Breyer seemed to be anticipating the floodgate of legal challenges that Trinity Lutheran may invite. This is the first time the court has said the government is required to provide public funding directly to a religious organization. That decision could have implications for a host of other policy fights—especially the debate over public funding for private religious schools. In her dissent to the majority’s decision, joined by Justice Ruth Bader Ginsburg, Sonia Sotomayor wrote that this was her great fear about this decision.
“This case is about nothing less than the relationship between religious institutions and the civil government—that is, between church and state,” she wrote.
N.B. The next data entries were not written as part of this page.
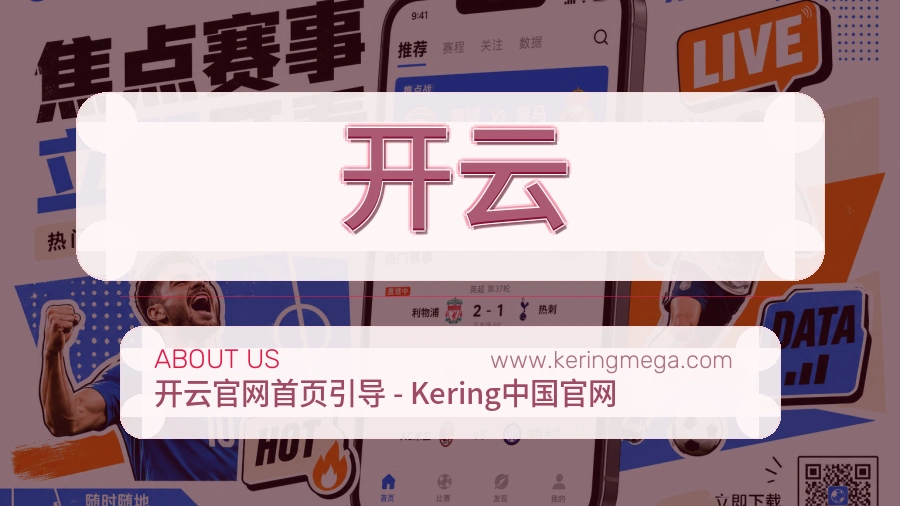 关于 开云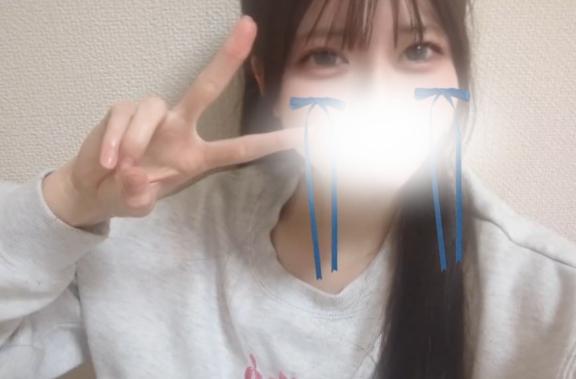 待ってるー！！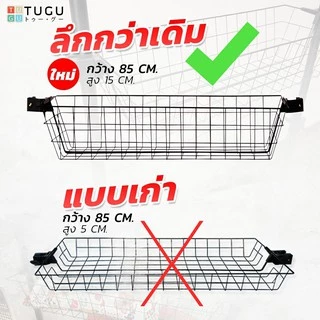 ราวแขวน TUGU ตะกร้าแบบใหม่ 85 ซม. ลึกกว่าเดิม สำหรับ ราวแขวน TUGU - *จำเป็นต้องมีราวแขวน TUGU*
The Court today profoundly changes that relationship by holding, for the first time, that the Constitution requires the government to provide public funds directly to a church. Its decision slights both our precedents and our history, and its reasoning weakens this country’s longstanding commitment to a separation of church and state beneficial to both.
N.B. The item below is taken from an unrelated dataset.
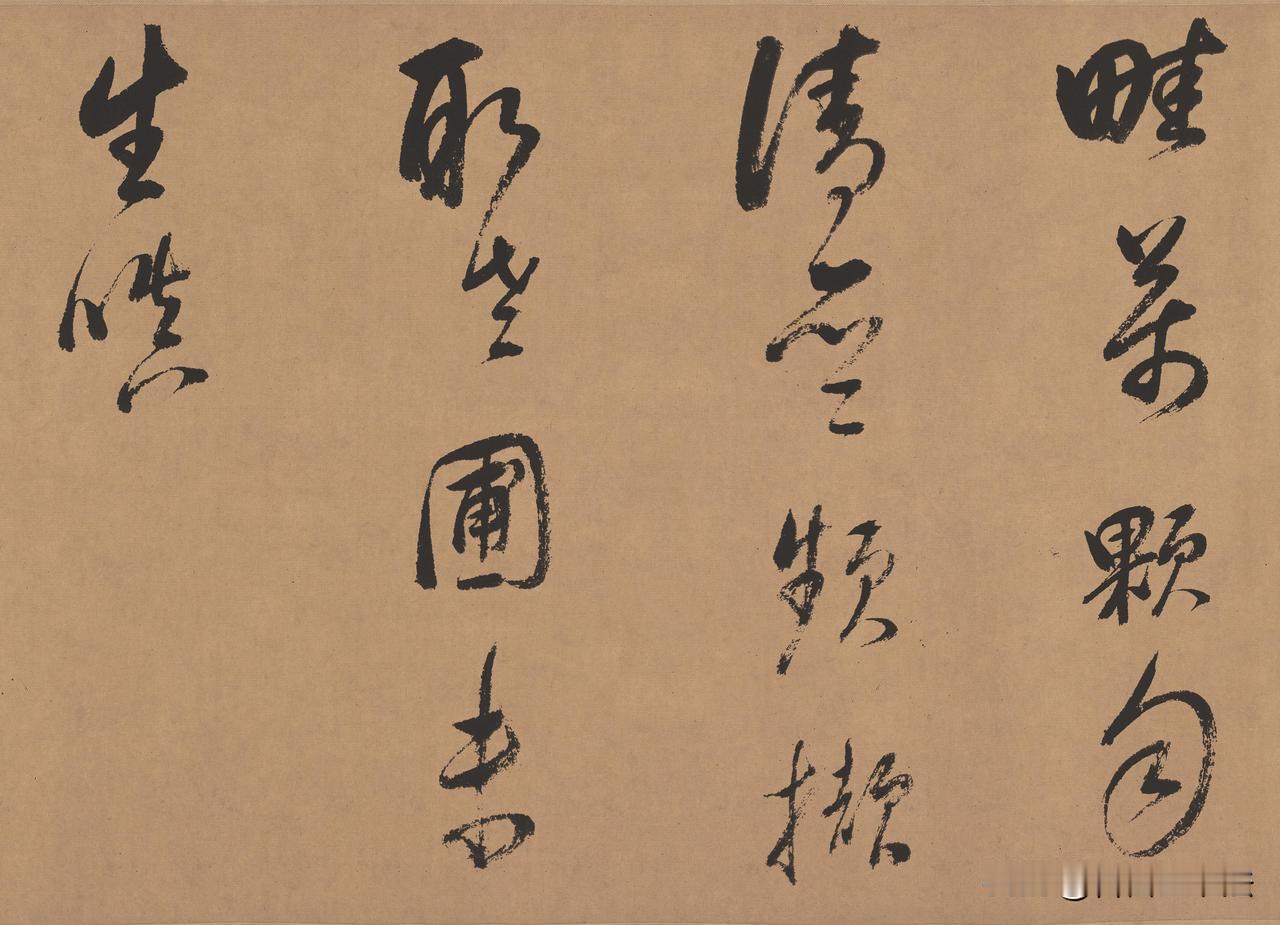 董其昌晚年行草名作《紫茄诗卷》，82岁笔墨，淡雅空灵。通篇行气舒展，字态灵动，墨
While her colleagues may see this about nothing more than tire scraps on a church playground, Sotomayor argued that the decision undermines years of court precedent and legal history in the United States. She walked through case after case of the early American states limiting the flow of public money to houses of worship.
“Those who fought to end the public funding of religion based their opposition on a powerful set of arguments,” she wrote. “The civil government, they maintained, could claim no authority over religious belief. For them, support for religion compelled by the State marked an overstep of authority that would only lead to more.”
Early legislators also argued that religious groups would start competing for public money, she wrote. “Religion was best served when sects reached out on the basis of their tenets alone, unsullied by outside forces, allowing adherents to come to their faith voluntarily.” Missouri wasn’t being “anti-religious” in denying money to Trinity Lutheran, Sotomayor argued. It was choosing to remain secular.
“If this separation [of church and state] means anything, it means that the government cannot … tax its citizens and turn that money over to houses of worship,” Sotomayor wrote. “The Court today blinds itself to the outcome this history requires and leads us instead to a place where separation of church and state is a constitutional slogan, not a constitutional commitment.”
As Sotomayor predicts, Trinity Lutheran is likely the beginning of a new wave of legal challenges about government funds and the free-exercise clause. A little case about tire scraps and playgrounds just set the stage for a new way of thinking about the separation of church and state.